Although you guys give up a very young franchise player which I think is not the best decision, you get back a 25 year old Zach Randolph that could fit the bill playing next to seasoned professionals. You guys would definately be in a position to contend for a title and still have Randolph, Prince and JR Smith to rebuild with when the older guys decline.


----------



## nbanoitall (May 21, 2004)

good luck trying to sell that to anyone in here... i'd suggest a horrible trade for the knicks... but wait they don't have anybody worth a damn


----------



## jericho (Jul 12, 2002)

This would give the Nuggets a core rotation of:

C: Camby/Hunter
PF: Z. Randolph/McDyess/Najera
SF: Prince/Kleiza
SG: Iverson/Smith
PG: Billups/Carter/Atkins

That's still a lot of sheer talent in the starting lineup, and I'd certainly love to see Billups in a Nuggets uniform. I can stomach the thought of trading Anthony, but the probable deal-killer in this for me is Randolph. His presence alone would make a running game inadvisable. A front line of Camby and Zach would mean very little in the way of man defense in the paint. If there any way to do this deal that involved passing on Randolph and keeping Nene, you might have me sold.

Still, I've heard far worse ideas involving the Nuggets...


----------



## Ruff Draft (Nov 21, 2004)

I like that 3-way....

Denver gets a win-now supporting cast. The best A.I. has ever had. They all work pretty well with him as well. A.I. and Billups can both control the ball, and give it to whoever has the bucket. Plenty of solid role-players. 

My Pistons get young talent, and a new face of the franchise. We need new blood badly. Still a competitive playoff team.

New York dumps Z-Bo, which they have to love. They also get a damn good roleplayer for D'Antoni's system, and a pick in a very deep draft.


----------



## TwinkieFoot (Jul 8, 2006)

Why would you run the ball? Your doing that right now, with players adept at doing so and it still is not working. Besides, you don't bring in the Detriot Pistons to run the basketball. Randolph is no stalwart at defense but that is what a team is for. Besides, your frontcourt was not stopping anyone before anyway.

P.S., Camby's shot blocking nullifies Zach's weak defense.


----------



## Ruff Draft (Nov 21, 2004)

Camby isn't much a man-defender though. He prides himself now in swatting shots and grabbing boards, but he doesn't keep tight on his man.
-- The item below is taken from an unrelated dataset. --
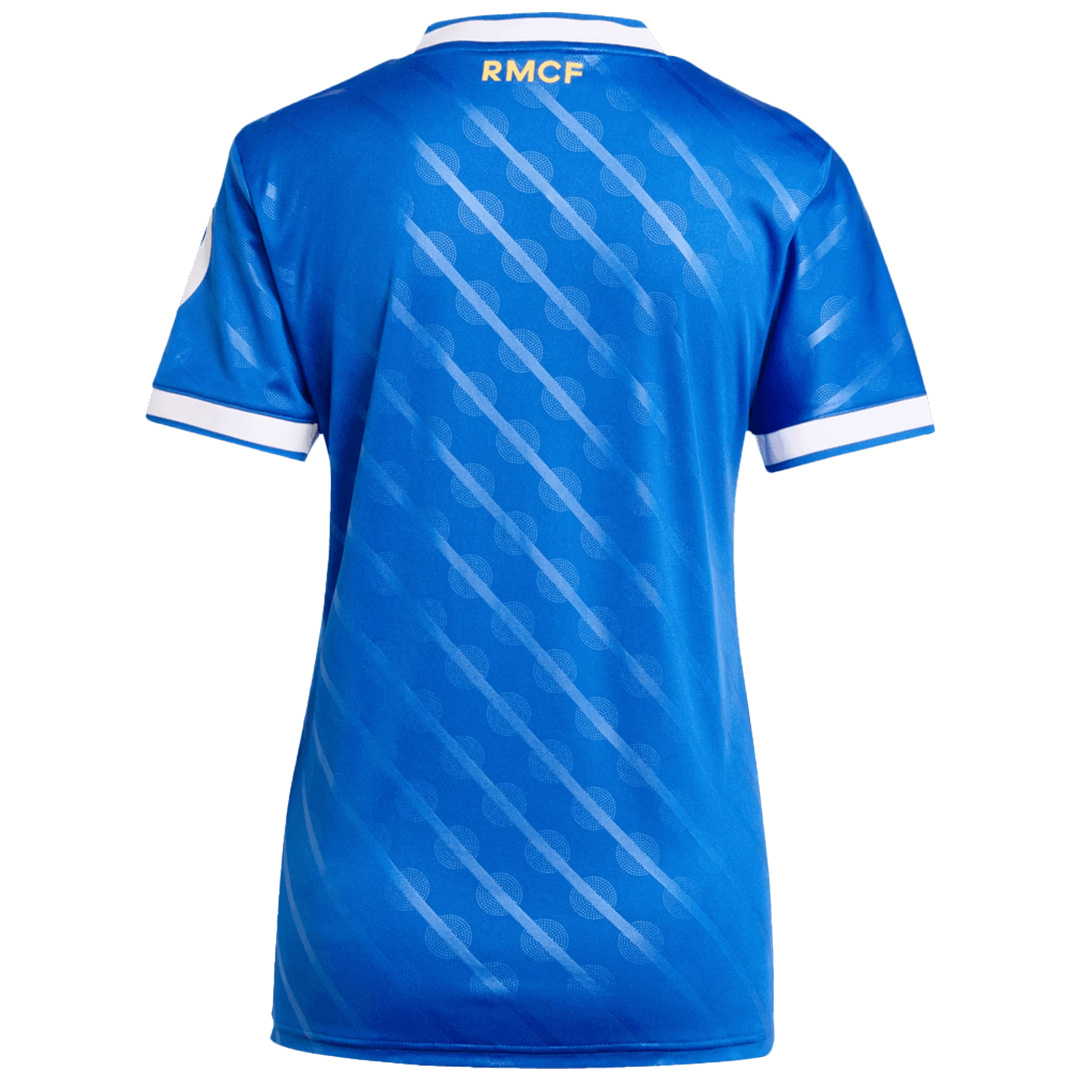 Women&#x27;s Real Madrid Third Jersey 2025/26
He can make up for some of Zach's bone-head decisions, but it isn't a complete front-court. McDyess will log heavy minutes.


----------



## TwinkieFoot (Jul 8, 2006)

Ruff Draft said:


> Camby isn't much a man-defender though. He prides himself now in swatting shots and grabbing boards, but he doesn't keep tight on his man. He can make up for some of Zach's bone-head decisions, but it isn't a complete front-court. McDyess will log heavy minutes.


Well McDyess still can log big minutes and the Nuggets would still have Linas Kleiza. Defensively, they really do not lose much and still gain a respectable low post scorer.


----------



## TwinkieFoot (Jul 8, 2006)

nbanoitall said:


> good luck trying to sell that to anyone in here... i'd suggest a horrible trade for the knicks... but wait they don't have anybody worth a damn


What don't you like about this trade?


----------



## Ruff Draft (Nov 21, 2004)

TwinkieFoot said:


> Well McDyess still can log big minutes and the Nuggets would still have Linas Kleiza. Defensively, they really do not lose much and still gain a respectable low post scorer.
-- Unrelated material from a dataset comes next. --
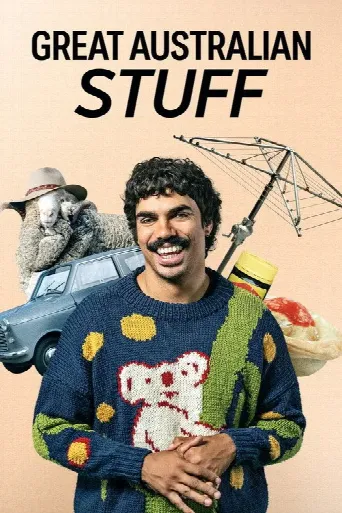 Great Australian Stuff (2023) poster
They definitely become a better team, especially defensively.


----------



## nbanoitall (May 21, 2004)

TwinkieFoot said:


> What don't you like about this trade?


the nuggets cant trade melo and get back equal talent. Randolph doesn't play any D. The Nuggets would still be short a wing player that could guard a Manu, or a Kobe...and the team just gets older. There is nothing to like about the trade. There is no reason the Nuggets should trade Melo when they have a former Defensive player of the year and superstar with an expiring salary to trade.
The older guys are on the block- if the pistons are interested in Camby or AI maybe, but the Melo rumors are all just smoke. We dont even know who started them. A reporter? Kiki? Dumars? Karl and Melo's agent says it isn't legit and the front office isn't even commenting. 
The Nuggets would be retarded to trade away the starting forward for Team USA.


----------



## jericho (Jul 12, 2002)

TwinkieFoot said:


> Well McDyess still can log big minutes and the Nuggets would still have Linas Kleiza. Defensively, they really do not lose much and still gain a respectable low post scorer.



Defensively the frontcourt gets significantly worse. They trade away their best 2 interior man defenders, and get a matador in return. 

However the perimeter defense gets substantially better with the additions of Prince and Billups, so there are trade-offs to consider.


----------



## TwinkieFoot (Jul 8, 2006)

nbanoitall said:


> the nuggets cant trade melo and get back equal talent. Randolph doesn't play any D. The Nuggets would still be short a wing player that could guard a Manu, or a Kobe...and the team just gets older. There is nothing to like about the trade. There is no reason the Nuggets should trade Melo when they have a former Defensive player of the year and superstar with an expiring salary to trade.
> The older guys are on the block- if the pistons are interested in Camby or AI maybe, but the Melo rumors are all just smoke. We dont even know who started them. A reporter? Kiki? Dumars? Karl and Melo's agent says it isn't legit and the front office isn't even commenting.
> The Nuggets would be retarded to trade away the starting forward for Team USA.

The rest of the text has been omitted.